**Source material**
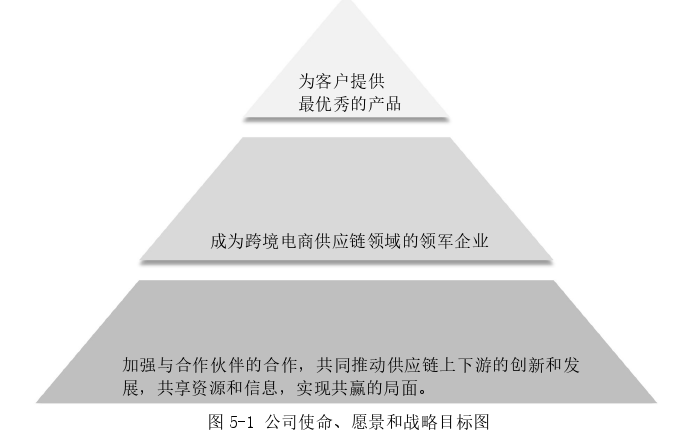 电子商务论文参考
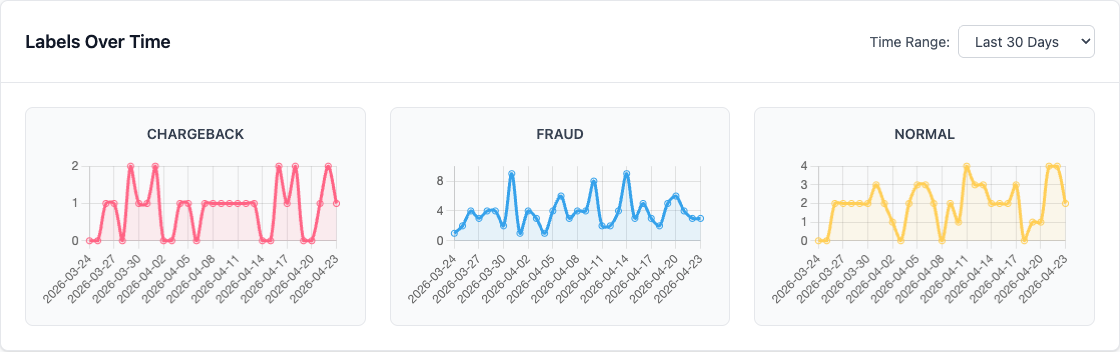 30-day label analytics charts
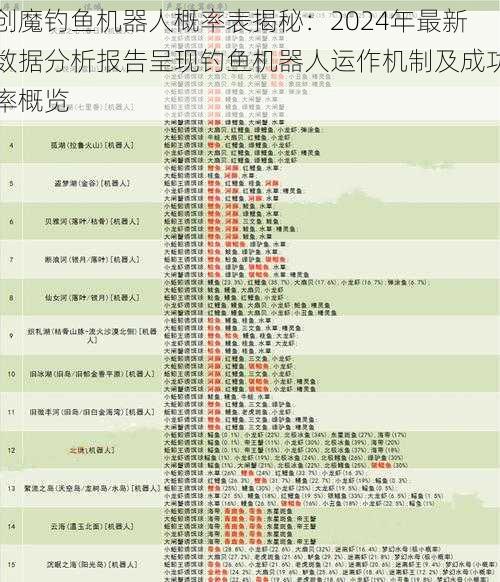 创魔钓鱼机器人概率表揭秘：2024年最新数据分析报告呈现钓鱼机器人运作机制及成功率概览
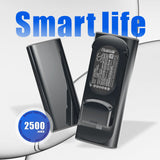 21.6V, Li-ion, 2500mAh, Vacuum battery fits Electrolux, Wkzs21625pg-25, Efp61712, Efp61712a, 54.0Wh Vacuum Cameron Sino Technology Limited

==

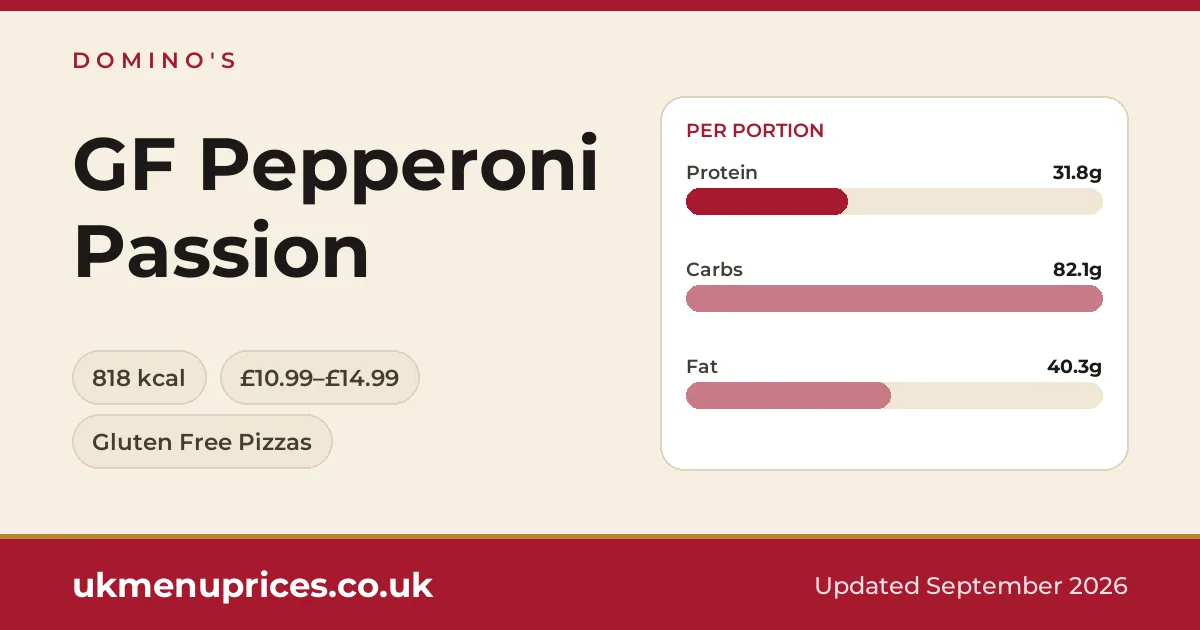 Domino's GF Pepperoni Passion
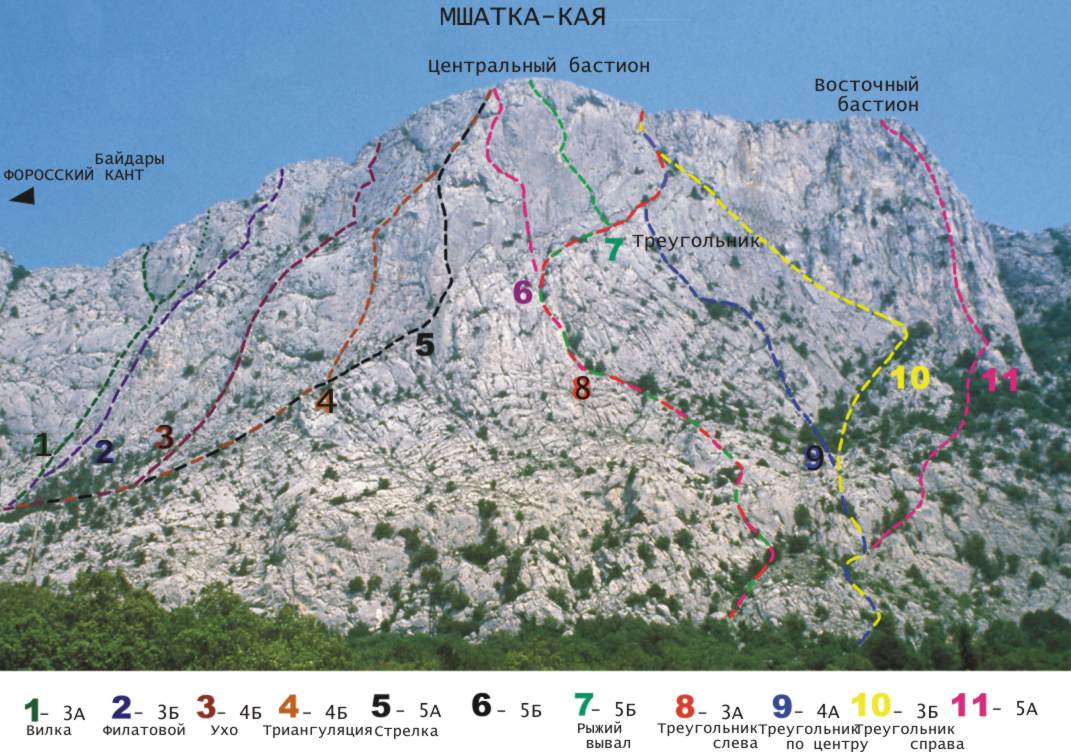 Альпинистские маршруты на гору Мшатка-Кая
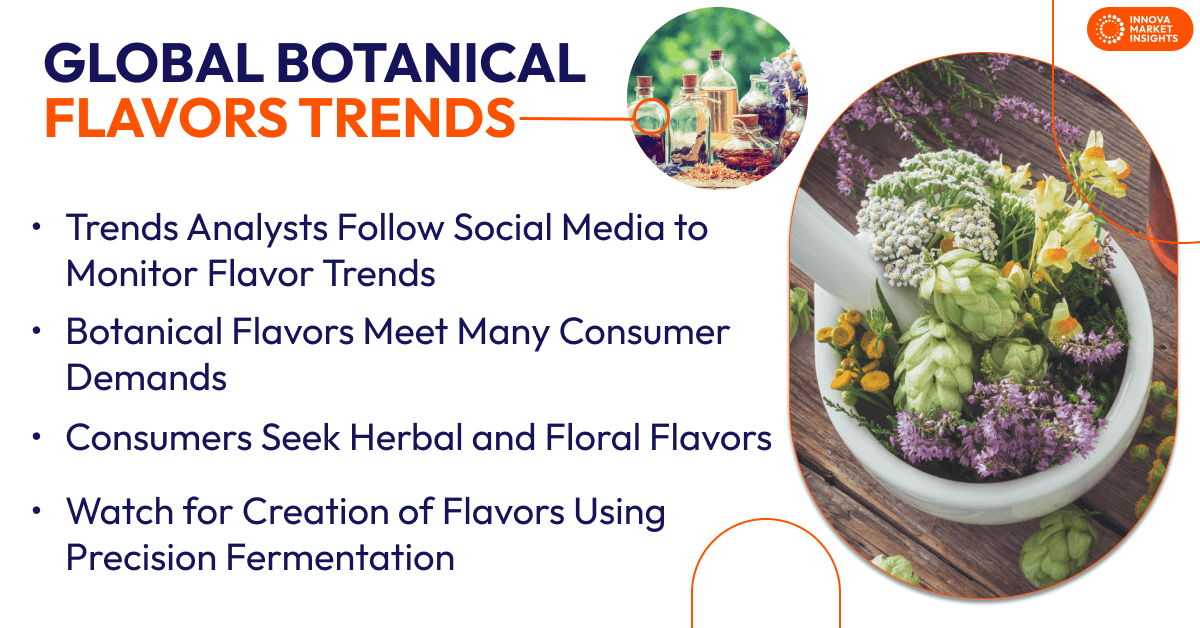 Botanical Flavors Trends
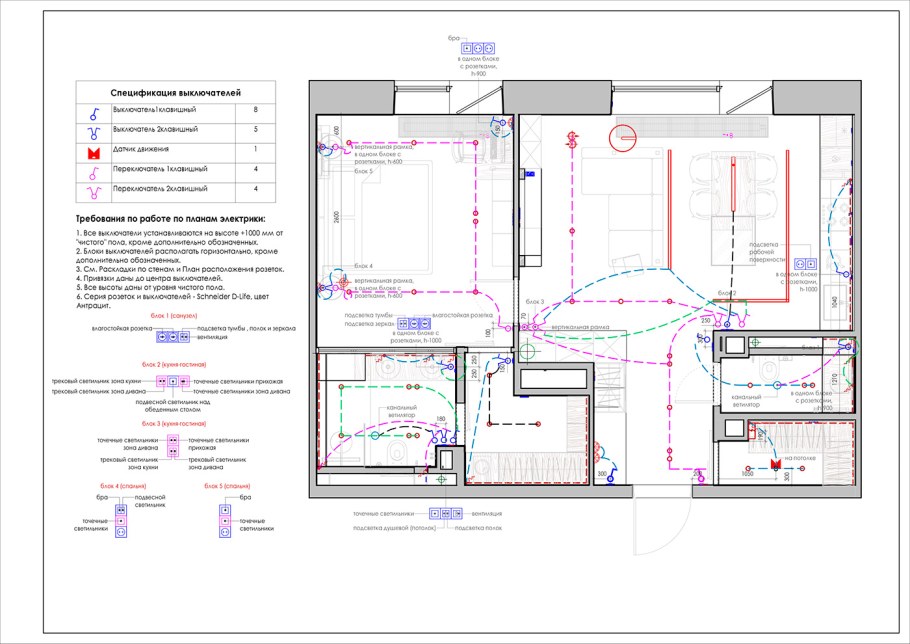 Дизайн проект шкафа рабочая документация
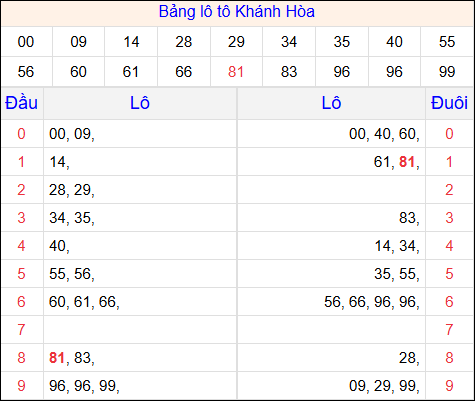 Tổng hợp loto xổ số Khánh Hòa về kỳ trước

--

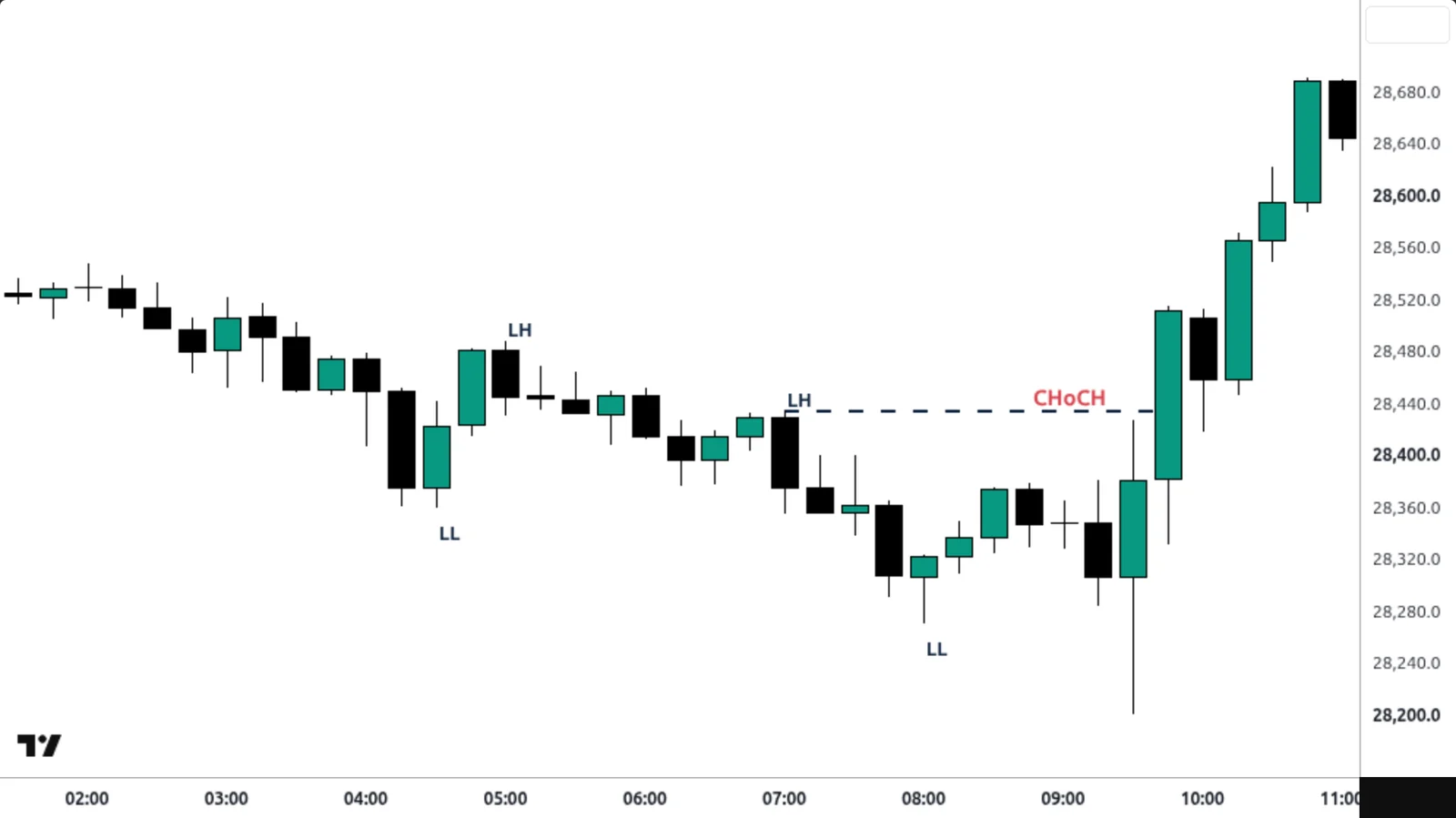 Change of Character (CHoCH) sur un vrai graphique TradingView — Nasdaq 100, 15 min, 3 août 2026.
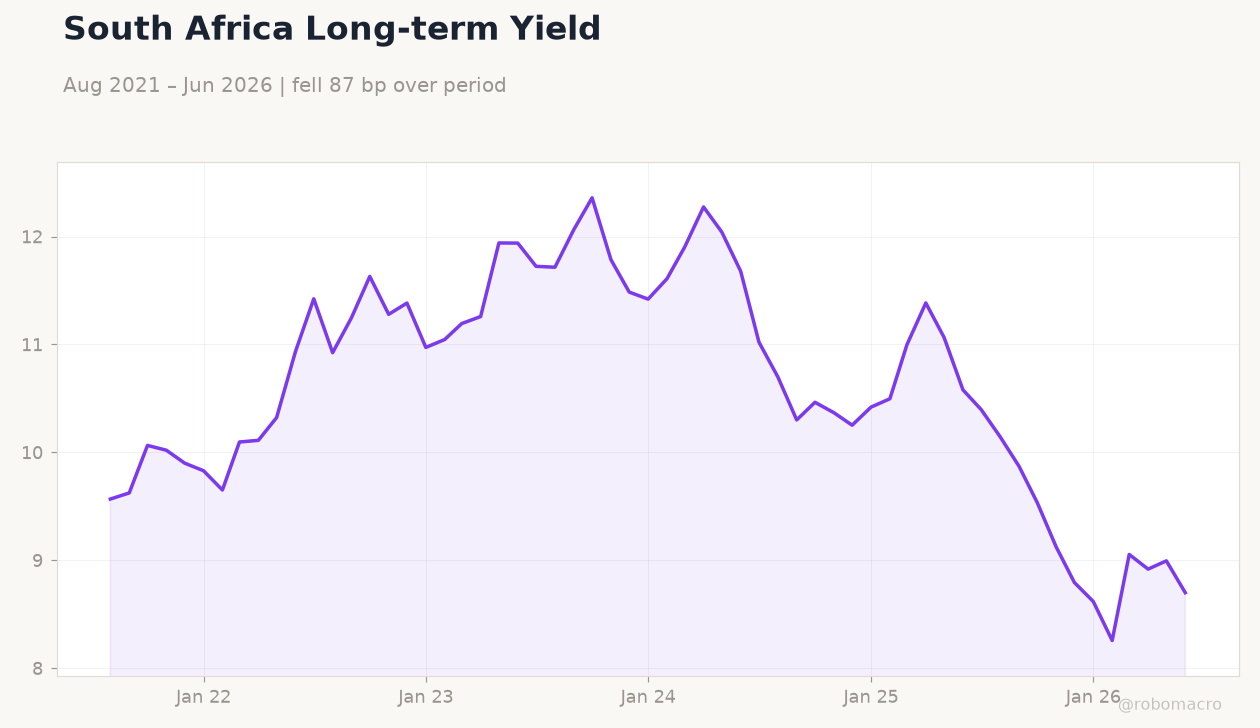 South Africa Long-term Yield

**Action item**
What you return from the records above should be exactly everything from the line with "Альпинистские маршруты на гору Мшатка-Кая" down to the line with "Tổng hợp loto xổ số Khánh Hòa về kỳ trước", both kept, and no pictures.

**Reply**
 Альпинистские маршруты на гору Мшатка-Кая
 Botanical Flavors Trends
 Дизайн проект шкафа рабочая документация
 Tổng hợp loto xổ số Khánh Hòa về kỳ trước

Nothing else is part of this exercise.